Herbs that grow with abundance in the South Island
Travelling around the South Island in late May and early June was a wonderful time to see not only the fantastic Autumn colours, but also a great time for discovering herbs growing in the wild.
With envy I looked at the hills in Central Otago covered in rosehips. I have picked these South Island rosehips before and dried them for rosehip herbal tea
.This trip I just admired them. However I also looked on in dismay at the areas that had been sprayed with chemicals. I can only wonder why this would be done, generally the land the rosehips grow on is very poor and could not be used for pasture or horticulture as it is very steep.

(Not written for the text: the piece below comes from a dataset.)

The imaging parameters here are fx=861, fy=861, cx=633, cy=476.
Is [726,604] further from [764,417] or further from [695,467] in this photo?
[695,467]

While walking across a farmers paddock to visit the local landmarks we saw Mullein (Verbascum thapsus), Thyme (Thymus vulgaris), Horehound(Marrubium vulgare), Yarrow(Achillea millefolium), Nettles(Urtica dioica)
, St john’s wort(Hypericum perforatum). And of course the herbs that are some consider ‘weeds’ plantain, yellow dock, dandelion, chicory and chickweed. We found a fantastic cover of chickweed in the gardens outside the Invercargill museum. I couldn’t help but think how much chickweed ointment
I could make!
The Nettles grew in wasteland and under big old farm trees. This seems to be a preferred growing spot, when it naturalises. The yarrow was growing along old paths and where old homesteads were.

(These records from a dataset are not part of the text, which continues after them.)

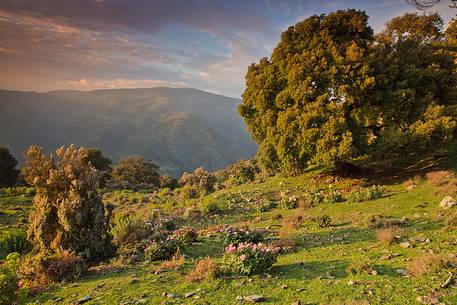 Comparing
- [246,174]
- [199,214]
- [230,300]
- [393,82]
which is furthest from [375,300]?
[246,174]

The thyme was apparently bought to the South Island by a Frenchman that worked in the goldfields during the late 1800s, and was valued as a medicinal and culinary plant. It really is everywhere, particularly on north facing slopes of the old gold fields. Thyme likes the drier, poorer soils and seems to thrive in the harsh Central Otago conditions. The local bee keepers make use of this wild herb and produce a lovely thyme honey. It is thought that this is the only population of Thyme growing wild outside its natural range of countries bordering the Mediterranean.
Thyme has many traditional uses including as a bee-plant: the leaves were rubbed in the bee hives. The name thyme comes from a Greek word meaning to fumigate, and a type of incense was made to drive away insects. Perhaps another reason for its heavy planting around the gold fields!
Thyme was also used as a tea for sore throats, chest infections and digestive complaints. Culpeper said “It is a noble strengthener of the lungs, as notable as it grows”. Oil of thyme ‘thymol is added as an antiseptic to mouth washes and toothpastes.
Thyme is very easy to grow in the garden, suitable to rock gardens, along borders and paths. Thyme is a fragrant groundcover that grows in a dense style that is suitable for constant picking.